Conclusion and Implications

Research and Practical Implications

Presently, there are fewer studies that explore EA adoption aimed at supporting the digitalization of urban environment. In this study EAF is suggested to help allocate resources and structure priorities to achieve a smart city. Also, EAF creates a blueprint of both the present and target IS and data to support urban activities. Additionally, this study provides important insight into various factors that impacts EA implementation in urban context. The results of this research also contribute to future EA studies by proposing a research model based on TAM to investigate the adoption of enterprise architecture framework towards the digitalization of urban environment. The findings also contribute to theory by providing practitioners and researchers with knowledge on the potential factors contributing to EA adoption from the lens of practitioners involved in digitalization of smart cities.

A questionnaire was designed that highlighted a number of important items (see Table 1) that can be considered to ensure successful EAF adoption by practitioners in making cities smarter. The items can be used as an assessment tool to evaluate EA usage for enterprises with a low EA adoption. Data collected from a focus group workshop provides evidence that guides the design and future evolution of urban digitalization. Evidence from the qualitative data can help cities to plans and make decisions on the factors that impact or enhance the current state of EA adoption.

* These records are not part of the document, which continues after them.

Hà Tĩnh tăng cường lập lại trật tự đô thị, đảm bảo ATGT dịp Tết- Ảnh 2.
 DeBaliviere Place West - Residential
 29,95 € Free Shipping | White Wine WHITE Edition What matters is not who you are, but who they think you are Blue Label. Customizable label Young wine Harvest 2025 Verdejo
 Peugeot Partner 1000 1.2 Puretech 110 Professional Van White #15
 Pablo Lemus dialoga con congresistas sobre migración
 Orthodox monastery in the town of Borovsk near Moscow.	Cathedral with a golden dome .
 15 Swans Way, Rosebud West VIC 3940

The findings from this study were discussed from a theoretical (based on the designed research model grounded on TAM) and a practical perspective (based on the developed EAF) including a modeled use case in ArchiMate (see Fig. 5), to provide recommendations for action, thus providing better understanding of the potential of capabilities of EAF in improving the digitalization of cities.

Summary, Limitations, and Future Direction

Cities are faced with aligning IT and business strategies to achieve urban digitalization. Therefore, the purpose of the study is to present an enterprise architecture framework as a tool to advance city’s digitalization goal in creating coherence and improving interoperability of urban information systems. Theoretically, this study develops a research model grounded on TAM to examine the factors that influence the acceptance of the developed EAF by practitioners in urban environment. Thus, TAM is employed in this study as a theoretical base as it provides an explanation of the factors that influence the acceptance of EAF and can describe practitioner’s behavior. Besides, survey questionnaires were employed to gather data from practitioners in organizations that currently adopt EAF in a smart city project to empirically validate the developed EAF. Also, the developed enterprise architecture framework layers were validated through a focus group workshop with 4 participants that utilize the developed EAF to provide digital services.

Practically, findings from this study will help to provide more insights on the usefulness of the developed EAF. Socially, findings from this study suggest that cities should not neglect the capabilities of EA but should rather improve adoption of EAF to improve their digitalization goals. More importantly, this current study contributes to the existing body of knowledge on EA adoption in smart city context by designing a model that comprises of factors from TAM and by using this collection of factors to design a questionnaire instrument (see Table 1) to validate the developed EAF. As related to limitations of the study, this research is based on data collected from Ireland and Norway. Further, this study collected data from enterprises that had already used the developed EAF, and no data was not collected from non-adopters of the EAF. Therefore, findings from this study should be confined to countries with similar digitalized smart city settings. Future works will involve collecting more quantitative and qualitative data from practitioners in different cities who are digitalizing their city services to further validate the developed EAF. Additionally, other technology acceptance theories such as IS success model, UTAUT, Diffusion of Innovation (DoI), etc. can be employed to investigate EA adoption in improving digitalization of urban smart cities.